**INSTRUCTIONS FOR THE TASK:** Go through the entries and write each one out again unchanged.

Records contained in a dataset
────────────────────

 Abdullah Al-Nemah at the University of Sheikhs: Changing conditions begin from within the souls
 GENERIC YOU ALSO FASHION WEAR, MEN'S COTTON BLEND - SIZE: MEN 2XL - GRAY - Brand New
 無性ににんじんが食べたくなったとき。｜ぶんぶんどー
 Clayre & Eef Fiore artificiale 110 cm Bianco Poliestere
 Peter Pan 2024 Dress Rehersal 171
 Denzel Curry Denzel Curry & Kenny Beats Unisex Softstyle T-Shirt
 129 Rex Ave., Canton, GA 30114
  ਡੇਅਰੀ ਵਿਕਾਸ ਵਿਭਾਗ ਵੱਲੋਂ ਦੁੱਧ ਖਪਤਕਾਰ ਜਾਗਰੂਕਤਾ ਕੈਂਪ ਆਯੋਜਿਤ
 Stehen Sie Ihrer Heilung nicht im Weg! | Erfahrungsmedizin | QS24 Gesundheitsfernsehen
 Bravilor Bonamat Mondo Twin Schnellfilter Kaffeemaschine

────────────────────

**SOLUTION FOR THIS PROBLEM:**
 Abdullah Al-Nemah at the University of Sheikhs: Changing conditions begin from within the souls
 GENERIC YOU ALSO FASHION WEAR, MEN'S COTTON BLEND - SIZE: MEN 2XL - GRAY - Brand New
 無性ににんじんが食べたくなったとき。｜ぶんぶんどー
 Clayre & Eef Fiore artificiale 110 cm Bianco Poliestere
 Peter Pan 2024 Dress Rehersal 171
 Denzel Curry Denzel Curry & Kenny Beats Unisex Softstyle T-Shirt
 129 Rex Ave., Canton, GA 30114
  ਡੇਅਰੀ ਵਿਕਾਸ ਵਿਭਾਗ ਵੱਲੋਂ ਦੁੱਧ ਖਪਤਕਾਰ ਜਾਗਰੂਕਤਾ ਕੈਂਪ ਆਯੋਜਿਤ
 Stehen Sie Ihrer Heilung nicht im Weg! | Erfahrungsmedizin | QS24 Gesundheitsfernsehen
 Bravilor Bonamat Mondo Twin Schnellfilter Kaffeemaschine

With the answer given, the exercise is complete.